In 1918, Bill arrived at the Institute, where he majored in engineering administration. He belonged to a dizzying number of organizations, including two fraternities (Alpha Tau Omega and Theta Tau), the football team, the wrestling team (which he managed), and the finance and budget committees. Ken joined Bill at MIT in the fall of 1921 to study electrical engineering, ultimately earning both a bachelor’s and a master’s degree through a co-op program with General Electric that required him to spend time at GE’s offices in Lynn, Massachusetts, and summers at the GE campus in Schenectady, New York. Ken, too, pledged Alpha Tau Omega, and he served on the board of MIT’s Voo Doo humor magazine. Master’s in hand, Ken and an MIT friend were admitted in 1926 to the doctoral program in physics at Princeton, where the dean reportedly told them, “You’re nice boys, but it’s too bad you never went to college.”
Despite the dean’s skepticism, Ken rose quickly in the academic ranks—first at Princeton, where he became a pioneering mass spectroscopist; then at Cambridge University’s Cavendish Labs on a Guggenheim fellowship; and then at Harvard, where he built cyclotrons. Along the way, he published the results of an experiment confirming Einstein’s most famous equation, E = MC2. He returned to MIT in 1940 to help found the Radiation Laboratory and played a key role in recruiting scientists and developing radar.

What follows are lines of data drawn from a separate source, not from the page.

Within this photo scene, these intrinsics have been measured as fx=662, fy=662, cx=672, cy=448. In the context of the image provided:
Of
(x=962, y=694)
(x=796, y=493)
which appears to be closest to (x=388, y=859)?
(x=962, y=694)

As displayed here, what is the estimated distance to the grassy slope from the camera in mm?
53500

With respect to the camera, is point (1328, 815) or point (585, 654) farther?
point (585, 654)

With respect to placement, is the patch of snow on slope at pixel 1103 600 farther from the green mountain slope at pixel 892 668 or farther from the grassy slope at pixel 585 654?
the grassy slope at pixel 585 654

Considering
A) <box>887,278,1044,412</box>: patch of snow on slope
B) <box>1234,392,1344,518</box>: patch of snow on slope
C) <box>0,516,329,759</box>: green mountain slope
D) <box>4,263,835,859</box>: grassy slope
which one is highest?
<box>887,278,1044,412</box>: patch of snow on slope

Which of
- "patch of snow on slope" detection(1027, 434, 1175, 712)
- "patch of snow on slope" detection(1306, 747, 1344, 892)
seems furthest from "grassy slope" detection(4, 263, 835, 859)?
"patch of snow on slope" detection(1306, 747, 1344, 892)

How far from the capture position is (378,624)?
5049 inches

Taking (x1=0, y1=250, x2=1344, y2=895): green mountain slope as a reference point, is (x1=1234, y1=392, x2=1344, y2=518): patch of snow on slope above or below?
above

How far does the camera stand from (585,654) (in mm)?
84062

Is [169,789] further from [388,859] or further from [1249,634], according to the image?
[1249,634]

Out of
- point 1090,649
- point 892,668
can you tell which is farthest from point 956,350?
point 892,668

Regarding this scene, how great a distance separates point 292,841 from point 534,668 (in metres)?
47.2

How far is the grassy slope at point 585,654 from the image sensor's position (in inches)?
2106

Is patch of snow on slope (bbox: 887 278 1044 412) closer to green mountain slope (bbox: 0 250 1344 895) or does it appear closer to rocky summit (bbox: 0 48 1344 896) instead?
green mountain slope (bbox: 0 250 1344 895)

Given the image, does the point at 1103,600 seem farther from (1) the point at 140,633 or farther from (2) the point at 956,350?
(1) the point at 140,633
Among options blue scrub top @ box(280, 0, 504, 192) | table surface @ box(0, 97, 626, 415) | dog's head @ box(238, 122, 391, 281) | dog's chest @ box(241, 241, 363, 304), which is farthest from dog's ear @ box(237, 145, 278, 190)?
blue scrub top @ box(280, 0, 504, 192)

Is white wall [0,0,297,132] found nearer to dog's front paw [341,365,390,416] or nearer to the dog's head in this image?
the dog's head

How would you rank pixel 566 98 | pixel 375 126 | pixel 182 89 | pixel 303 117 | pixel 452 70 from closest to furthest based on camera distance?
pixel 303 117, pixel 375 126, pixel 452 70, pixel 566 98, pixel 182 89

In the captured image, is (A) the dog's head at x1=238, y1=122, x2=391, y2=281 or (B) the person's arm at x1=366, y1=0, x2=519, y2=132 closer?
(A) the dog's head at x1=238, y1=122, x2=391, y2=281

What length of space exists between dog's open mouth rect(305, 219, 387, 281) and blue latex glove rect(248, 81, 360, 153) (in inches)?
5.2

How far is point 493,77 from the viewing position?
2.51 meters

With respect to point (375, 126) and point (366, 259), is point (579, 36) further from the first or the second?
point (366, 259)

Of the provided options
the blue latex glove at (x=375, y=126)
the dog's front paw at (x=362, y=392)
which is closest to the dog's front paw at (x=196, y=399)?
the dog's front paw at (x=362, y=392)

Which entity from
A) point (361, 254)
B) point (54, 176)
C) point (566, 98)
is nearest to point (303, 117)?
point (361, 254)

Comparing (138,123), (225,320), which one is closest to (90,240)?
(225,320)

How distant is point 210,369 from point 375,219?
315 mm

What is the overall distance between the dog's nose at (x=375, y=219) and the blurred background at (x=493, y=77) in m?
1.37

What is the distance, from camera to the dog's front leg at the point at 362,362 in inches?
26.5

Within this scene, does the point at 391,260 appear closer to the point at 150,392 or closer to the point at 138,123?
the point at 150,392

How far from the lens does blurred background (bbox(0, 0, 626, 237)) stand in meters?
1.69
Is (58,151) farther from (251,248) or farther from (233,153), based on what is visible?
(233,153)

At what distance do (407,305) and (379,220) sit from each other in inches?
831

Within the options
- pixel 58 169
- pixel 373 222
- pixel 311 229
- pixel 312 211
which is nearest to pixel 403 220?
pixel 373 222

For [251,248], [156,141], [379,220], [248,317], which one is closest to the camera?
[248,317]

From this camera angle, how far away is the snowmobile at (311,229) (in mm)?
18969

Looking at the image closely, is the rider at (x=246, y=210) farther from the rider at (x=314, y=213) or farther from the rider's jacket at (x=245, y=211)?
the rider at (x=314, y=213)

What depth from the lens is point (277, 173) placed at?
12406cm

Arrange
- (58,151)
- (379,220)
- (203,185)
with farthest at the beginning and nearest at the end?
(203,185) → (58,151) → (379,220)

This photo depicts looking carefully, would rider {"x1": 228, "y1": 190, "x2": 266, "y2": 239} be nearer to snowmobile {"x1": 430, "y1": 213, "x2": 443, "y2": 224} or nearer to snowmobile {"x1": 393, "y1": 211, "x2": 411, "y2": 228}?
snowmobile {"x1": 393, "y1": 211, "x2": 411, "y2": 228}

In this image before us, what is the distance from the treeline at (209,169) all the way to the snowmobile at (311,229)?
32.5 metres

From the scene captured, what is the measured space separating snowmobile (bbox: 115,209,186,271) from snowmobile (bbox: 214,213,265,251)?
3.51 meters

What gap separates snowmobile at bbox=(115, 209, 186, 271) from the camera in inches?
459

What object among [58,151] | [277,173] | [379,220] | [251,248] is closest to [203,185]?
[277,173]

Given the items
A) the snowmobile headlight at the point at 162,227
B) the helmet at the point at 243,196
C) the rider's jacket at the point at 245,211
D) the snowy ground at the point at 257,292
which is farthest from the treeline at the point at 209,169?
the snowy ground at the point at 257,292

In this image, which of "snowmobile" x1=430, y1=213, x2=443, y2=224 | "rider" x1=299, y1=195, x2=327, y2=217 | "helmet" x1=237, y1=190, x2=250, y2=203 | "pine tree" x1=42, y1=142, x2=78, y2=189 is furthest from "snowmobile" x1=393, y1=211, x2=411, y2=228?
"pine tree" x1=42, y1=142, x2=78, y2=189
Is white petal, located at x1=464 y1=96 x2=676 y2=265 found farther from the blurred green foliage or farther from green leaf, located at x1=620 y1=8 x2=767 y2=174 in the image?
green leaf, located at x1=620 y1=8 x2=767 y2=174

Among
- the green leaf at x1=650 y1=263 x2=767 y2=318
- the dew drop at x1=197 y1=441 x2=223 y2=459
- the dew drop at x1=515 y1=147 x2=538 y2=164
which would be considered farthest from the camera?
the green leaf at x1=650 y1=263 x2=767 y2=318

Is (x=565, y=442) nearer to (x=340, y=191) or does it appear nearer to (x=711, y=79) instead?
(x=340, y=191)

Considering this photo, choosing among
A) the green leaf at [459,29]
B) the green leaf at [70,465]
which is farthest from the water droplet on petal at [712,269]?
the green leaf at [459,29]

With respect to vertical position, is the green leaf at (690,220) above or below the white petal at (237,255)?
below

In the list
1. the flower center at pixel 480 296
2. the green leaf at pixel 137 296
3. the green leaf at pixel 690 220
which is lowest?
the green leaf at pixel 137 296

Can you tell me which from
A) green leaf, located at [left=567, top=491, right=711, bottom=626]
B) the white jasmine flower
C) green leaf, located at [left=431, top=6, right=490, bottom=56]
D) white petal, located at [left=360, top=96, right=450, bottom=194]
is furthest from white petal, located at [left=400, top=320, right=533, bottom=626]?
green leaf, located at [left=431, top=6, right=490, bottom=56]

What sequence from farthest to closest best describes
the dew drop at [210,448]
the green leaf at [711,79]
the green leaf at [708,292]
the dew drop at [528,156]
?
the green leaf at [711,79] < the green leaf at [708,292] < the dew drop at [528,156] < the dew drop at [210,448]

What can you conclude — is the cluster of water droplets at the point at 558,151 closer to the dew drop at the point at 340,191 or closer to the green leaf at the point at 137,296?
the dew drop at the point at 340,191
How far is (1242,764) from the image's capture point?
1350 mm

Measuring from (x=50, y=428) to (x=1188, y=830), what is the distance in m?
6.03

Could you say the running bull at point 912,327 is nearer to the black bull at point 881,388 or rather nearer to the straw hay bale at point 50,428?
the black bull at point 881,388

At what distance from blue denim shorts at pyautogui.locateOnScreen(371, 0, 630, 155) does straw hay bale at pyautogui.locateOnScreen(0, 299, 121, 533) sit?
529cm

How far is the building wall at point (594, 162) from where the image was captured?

But on September 22, 1943, a letter to the local War Office from President Karl Taylor Compton noted that Bainbridge was unavailable for new local work because his “services were urgently requested by another scientific project of extreme urgency and secrecy.” Since MIT couldn’t refuse, Compton wrote that “Bainbridge was released from the Radiation Laboratory to participate in this new activity.”
The “activity” was “Project Y” at Los Alamos National Laboratory, where Ken and his cyclotron helped develop the first nuclear bomb.
Ken settled at Los Alamos with his wife, Margaret, formerly a member of the Swarthmore College faculty, and their three children. Under Oppenheimer’s direction, he took charge of the Initiator Committee and joined the “high-explosives” group. Then he was given the enormous responsibility of leading the effort to test the atomic bomb, which required working through countless technical and theoretical challenges. He was named head of Group E-9, “to study full-scale implosion assemblies and prepare for the Trinity test,” and Group E-2, which developed instrumentation for the test. In October 1944, Ken became a member of the detonator committee.
The other members of the Bainbridge family also threw themselves into the war effort. Mae, the matriarch, volunteered for the American Red Cross. Youngest brother Don, a Cornell grad, became a lieutenant in the Army Corps of Engineers. Bill, who’d been working in construction for US Gypsum, was commissioned at age 39 as a first lieutenant of the 342nd Engineers (he’d served previously as a second lieutenant early in his career). He headed to the UK in 1942 to become a regimental operations officer, using his building experience to supervise road stabilization and work that required the use of heavy earthmoving machines. By year’s end he’d been promoted to captain, and in 1943 he was transferred to the 254th Engineer Combat Battalion, V Corps.
As an assistant division engineer, Bill spent the first half of 1944 training for the Normandy invasion. At 7:40 a.m. on June 6, 1944, his battalion landed at Omaha Beach. Bill, who was slightly wounded, and four other soldiers “made engineering reconnaissance from behind German lines,” as he would later describe it, to examine German engineering infrastructure. Then they captured five German soldiers and rejoined the remaining members of their battalion on the beach, where they breached the wall blocking the beach exit with 1,100 pounds of TNT. For his actions on D-Day, Bill received a Purple Heart and a Silver Star. He later wrote that on June 8, his battalion “made reconnaissance of a gap in [a] bridge over Vire River, under German observation and fire”; they later bridged the gap.
One of the first battalions to enter Paris, the 254th went on to build multiple bridges, remove obstacles and mines, maintain roads, and assist stalled infantry and armor units as the Allies made their way across France. On September 11, 1944, it was one of the first battalions to reach Germany, where it would destroy 52 fortified positions.